Secondly, in two-channel, “purist” scenarios, there’s no such thing as a wide sweet spot that expands much at all off center for critical listeners. If it doesn’t sound much different to you when you move your head a foot or two to the left or right from center, you either aren’t sensitive to or paying attention to directional information for one reason or another, or your system/room combination may be mucking it up so badly that worse isn’t really much worse in a relative context. If the “image stayed solidly in the center even when I moved off-center” in a two-channel listening context, there was never a solid, genuine image to begin with.

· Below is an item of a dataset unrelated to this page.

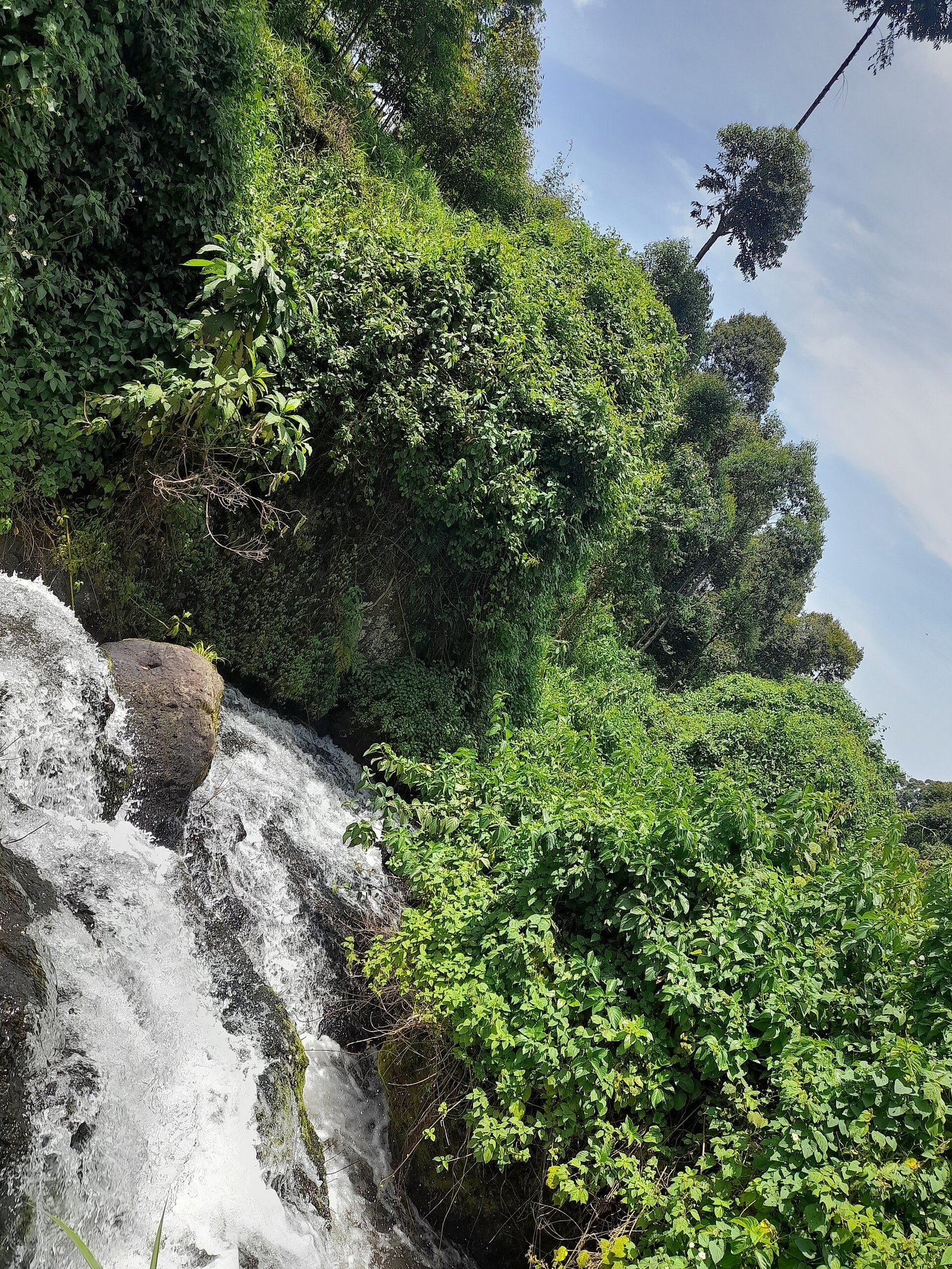 Sipi Falls cascading through the green highlands of eastern Uganda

Third, assuming you achieve time-alignment, while the use of a center channel may stabilize the front sonic soundstage, allowing a presentation more forgiving of listeners off center, there is only one ideal location in a multi-channel playback scenario, as there can be only one location, by simple geometry, which is equidistant (or equivalent factoring in DSP correction) from the left, center, and right channels. In two-channel playback, you’ve got whatever space you can fit equidistant from the left and right speakers that still satisfies the 40-60 degree spread that two-channel reproduction requires. In either scenario, if you had it right to begin with, moving away from that small listening area collapses the spread towards the closest loudspeaker, and flattens the perception of any depth captured or generated in the recording.

Fourth, simple balance controls don’t work as anything other than a poor band-aid as a last resort. If you’re closer to one speaker than another, the balance control simply compensates for amplitude, not time differences, and may very well lead to over compensating amplitude in an attempt to make up for time differences, messing up your listening experience twice. If you’ve got DSP available for a simple linear delay, use it. If not, sit in the right spot.

Fifth, while “Pan Pots” are alright in the context of most studio recordings which try to capture sounds in a single channel with as close to no acoustical environment as possible (a sound-proof booth) and then mix the sounds with pans amidst a variety of processing, and then filled out with artificial reverberation (usually) to compensate for the lack of ambient information, anybody who’s compared even the best, very well done studio recording to a decent recording of a performance captured real-time, without mixing, through a handful of microphones, can tell you that there’s no comparison in terms of imitating reality. Hey, I like to listen to a lot of recordings manufactured exclusively in a recording studio too, even to instruments that have no acoustic event, modified electronically to sound hopefully “clean, tight” and however else the recording engineer can creatively enhance the work for my pleasure, but such things aren’t real, and interestingly enough, the more accurate the monitoring system, the easier it is to hear the recording itself, in addition to the musical event.

Studio mixes can still sound really good, but making them sound realistic is actually much more difficult because the techniques habitually reject real ambient information for the sake of providing a controlled environment for the mix, where ambient information can be added by machine. A good idea? Considering the levels of compression, and plain poor taste in mixing that abounds with the majority of popular recordings, it’s not at the top of my recording engineer complaint list. Outlawing the use of the NS-10 near-field monitor (and replacing it with the much better NS-1000) for anything beyond a reference for how a mix sounds on a lousy speaker would be a good start. Imagine how much better recordings would be if all the engineers could hear what they’re making.

Conclusions

Bottom line: Be careful with using the time delay features for the various channels on your receiver, and with where you plop down your speakers.

Just thought I’d mention it.